Reputation: 130
Is there a way to copy/move data from Marklogic Server to Amazon S3? I don't want all data to be moved, but certain documents pertaining to a particular collection or some other logic. I can do xdmp:save() and that works for few thousand documents, but I have got few million records and this method won't work out well in that case, is there a better and robust way that can be used to copy data over? Can I use MLCP for this or use a spawn module to run it over a task server and get this work done? I am running on ML-8 hosted on AWS.

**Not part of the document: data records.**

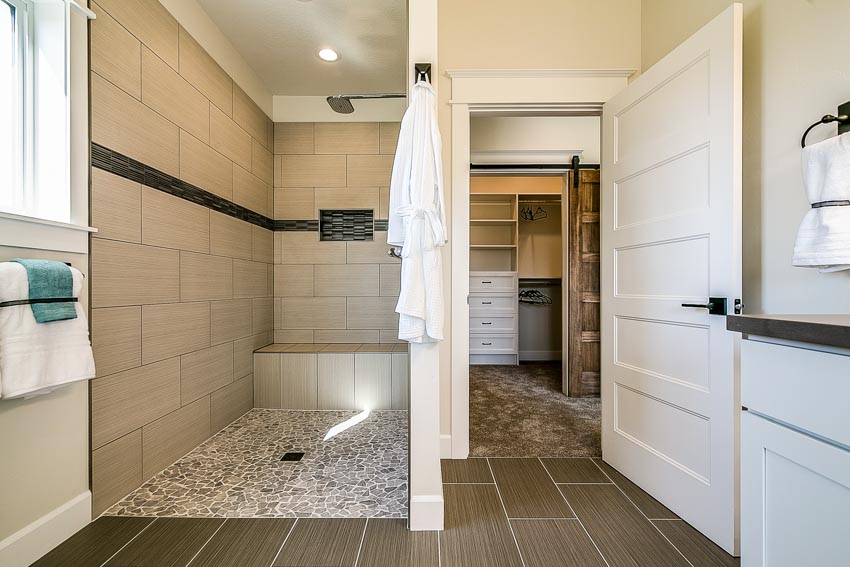 Bathroom with woodlike ceramic flooring, towel rack, door and wood cabinets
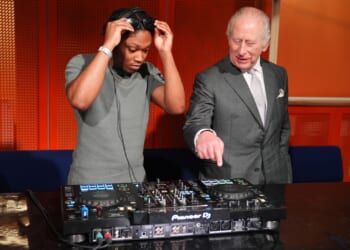 Moment King Charles, 77, has a go at DJing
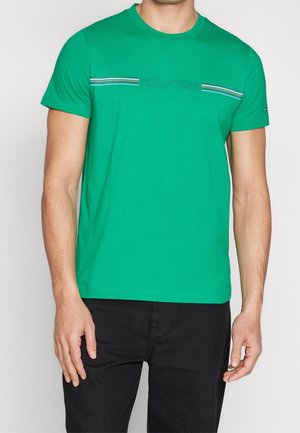 Homme portant un t-shirt vert vif à manches courtes avec des rayures horizontales et le texte « HILFIGER », assorti à un pantalon noir.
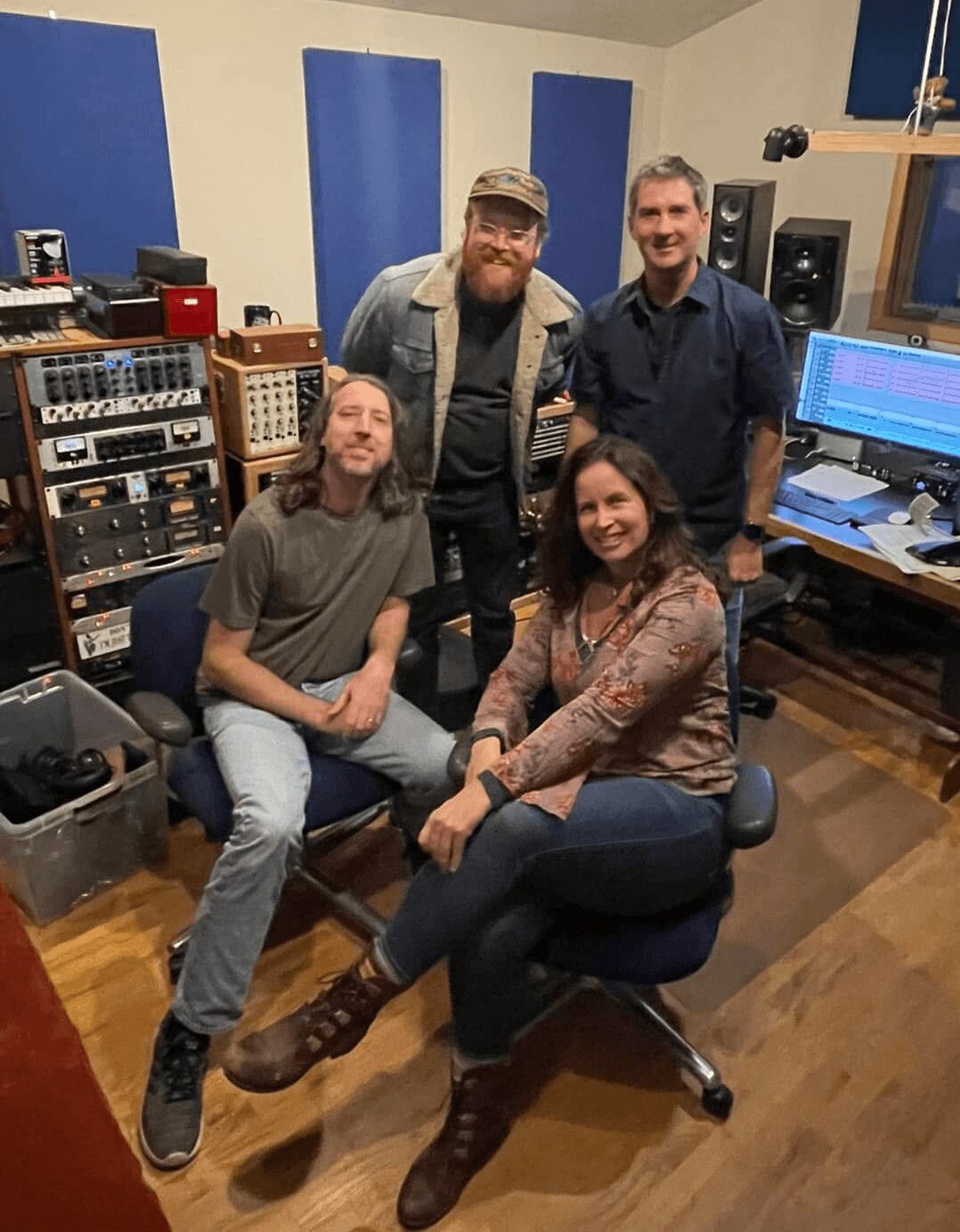 Four people in a recording studio, two seated and two standing, surrounded by audio equipment and a computer screen.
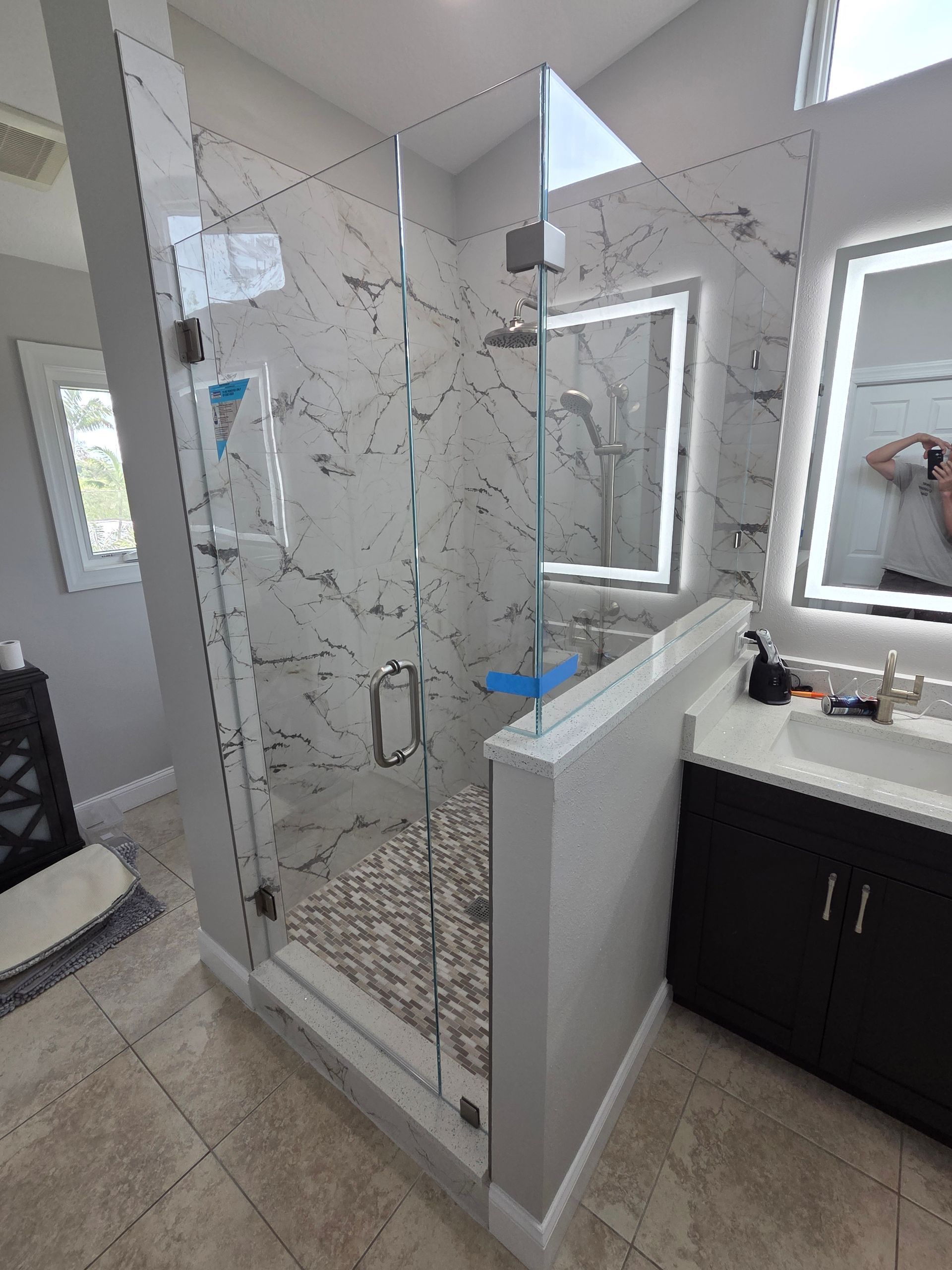 Modern bathroom with glass shower, white vanity, and toilet visible in the background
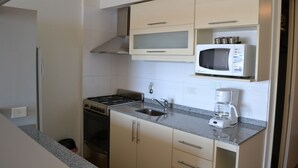 A compact kitchen with a gas stove, oven, microwave, and coffee maker. - Terrazas del lago I U with a view of Nahuel Huapi Lake (San Carlos de Bariloche)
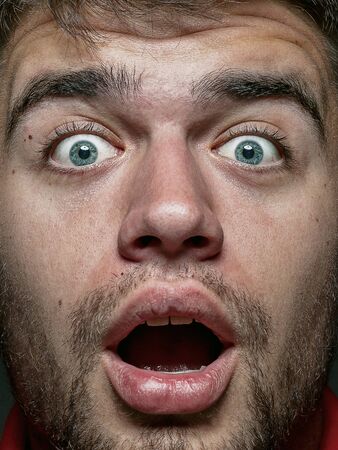 Close up portrait of young and emotional caucasian man. Highly detail photoshot of male model with well-kept skin and bright facial expression. Concept of human emotions. Shocked and astonished.の写真素材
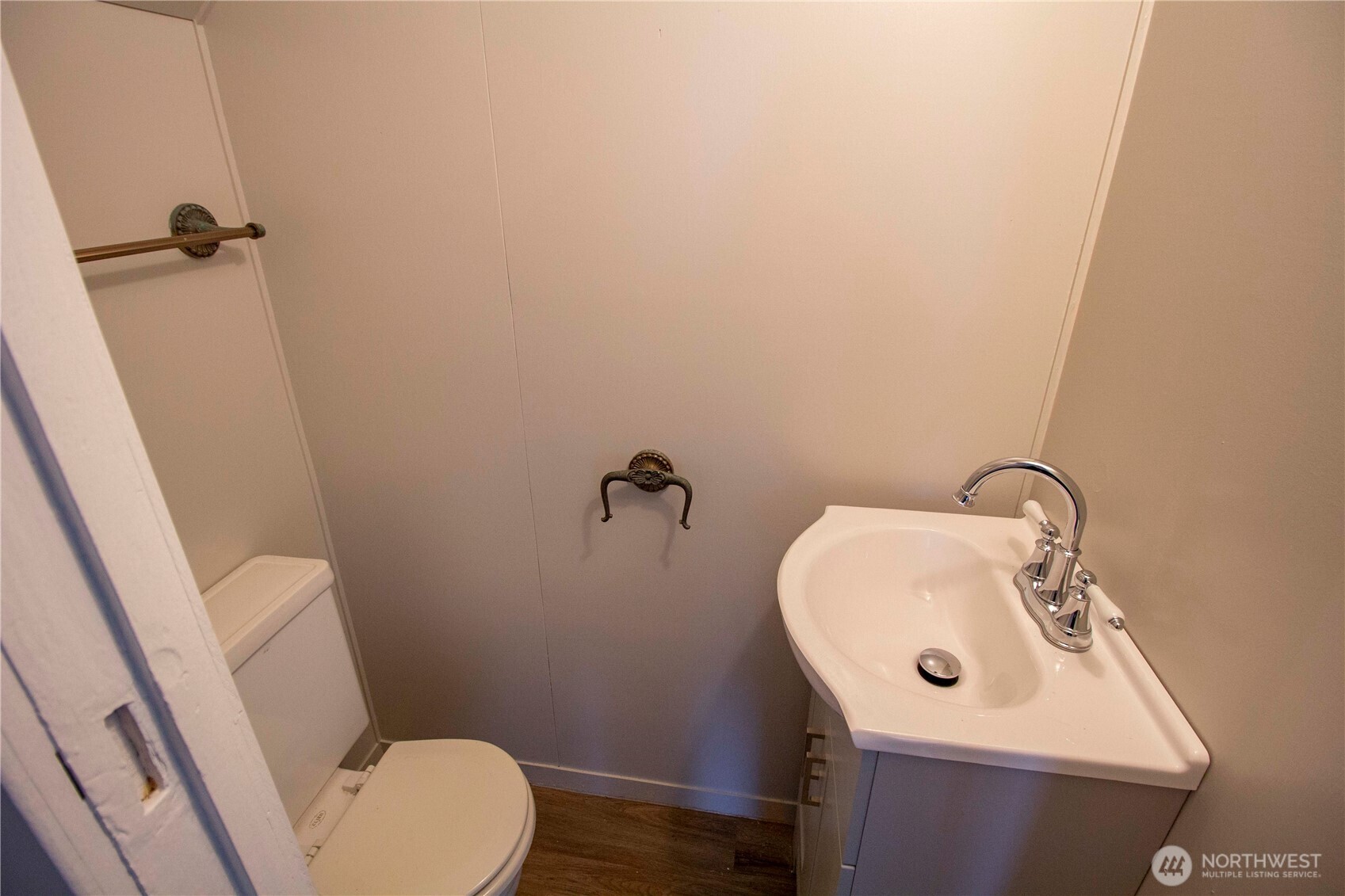 412 5th Street Hoquiam, WA 98550 - Photo 14 of 17 a bathroom with a sink a toilet and a mirror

Any suggestion would help immensely.
Regards Amit
Upvotes: 0
Views: 703
Reputation: 3732
you can use the backup feature and set the target directory to s3://bucket/path
Upvotes: 1
Reputation: 130
I used mlcp export for making the change, and it works quite well with the collection filter and does the trick for me. I have not tried the CORB2 yet, but will give it a try as well when time permits
mlcp export -host {host} -port {port} -username {username} -password {password} -output_file_path {S3 path} -collection_filter {collection name to be moved}
Upvotes: 0
Reputation: 7770
I would use Corb2 to facilitate the xdmp:save() command since s3:// is a built-in file-system. Any solution with MLCP would suffer more data transfer and I am not sure of the value unless you also want an archive (which is a valid point if you want to preserve properties, permissions, collections, etc)
Second to that - I have never done it, but I understand that you can use S3 as the location of a forest. In that case, you could balance certain documents to a forest located on S3.
Upvotes: 1
Reputation: 437
Retrieve the documents from MarkLogic using REST API and pipe the output to aws command to upload to AWS S3 bucket:
curl --anyauth --user user:password -X GET -H "Content-type: application/xml" http://localhost:8052/LATEST/documents?uri=/docs/test.xml | aws s3 cp - s3://yourbucket/test.xml
Upvotes: 0